Der TTC Wehrden kämpft um den Klassenerhalt. FOTO: dpa / Yoshikazu Tsuno
Wehrden. Gegen den Meisterschaftsfavoriten Kornwestheim gab es eine deutliche Niederlage. Von Mirko Reuther

(mire) Der TTC Wehrden hat seinen Saisonauftakt in der Tischtennis-Regionalliga Südwest mit einem Unentschieden und einer Niederlage beendet. Am Samstag trennte sich Wehrden im Heimspiel gegen den TTC Wirges mit 8:8. Am Sonntag setzte es beim Meisterschaftsfavoriten SV Kornwestheim eine 2:9-Auswärtsniederlage. Gegen Wirges hatte es für die Wehrdener zunächst finster ausgesehen. Der TTC verlor alle drei Auftakt-Doppel und lief somit früh einem Rückstand hinterher. „Da sieht man, wie wichtig eingespielte Doppel sind“, stöhnte TTC-Vorstand Karlheinz Becker, dessen Mannschaft mit den vier Neuzugängen Luke Savill, Oliver Keiling, Ivan Proano und Christopher Simonis angetreten war.


Der starke Engländer Savill gewann im Anschluss seine beiden Einzel und brachte Wehrden zurück ins Spiel. Weil alle anderen TTC-Spieler jeweils ein Einzel gewannen und eines verloren, stand es 7:8 aus Sicht von Wehrden. Das abschließende Doppel musste darüber entscheiden, ob Wehrden verliert, oder zumindest ein Remis erreicht. Um 23.25 Uhr gewannen Savill und Proana im fünften Satz mit 13:11 gegen die Wirgeser Christian Güll und Mattes Häusler und sicherten Wehrden das 8:8 und damit zum Auftakt einen Punkt. „Die Erleichterung war groß. Über fünf Stunden zu kämpfen und dann mit null Punkten dazustehen, wäre bitter gewesen“, sagte Becker.
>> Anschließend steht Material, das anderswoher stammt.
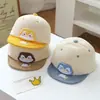 Touca de Bebê Desenho de Pinguim Fofo para Primavera e Outono, Chapéu de Sol à Prova de Vento para Uso Externo para Meninos e Meninas de Todas as Idades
Am Sonntag war Wehrden beim Meisterschaftsfavoriten Kornwestheim chancenlos. Savill gewann sein Einzel gegen Roko Tosic und die Werhdener Oliver Keiling und Lukas Kurfer gewannen ein Doppel. Mehr war für den TTC in Baden-Württemberg nicht zu holen. „Die Niederlage tut nicht sehr weh. Ich kann mir nicht vorstellen, dass einer unserer Konkurrenten im Kampf um den Klassenerhalt gegen Kornwestheim punktet“, meinte Becker.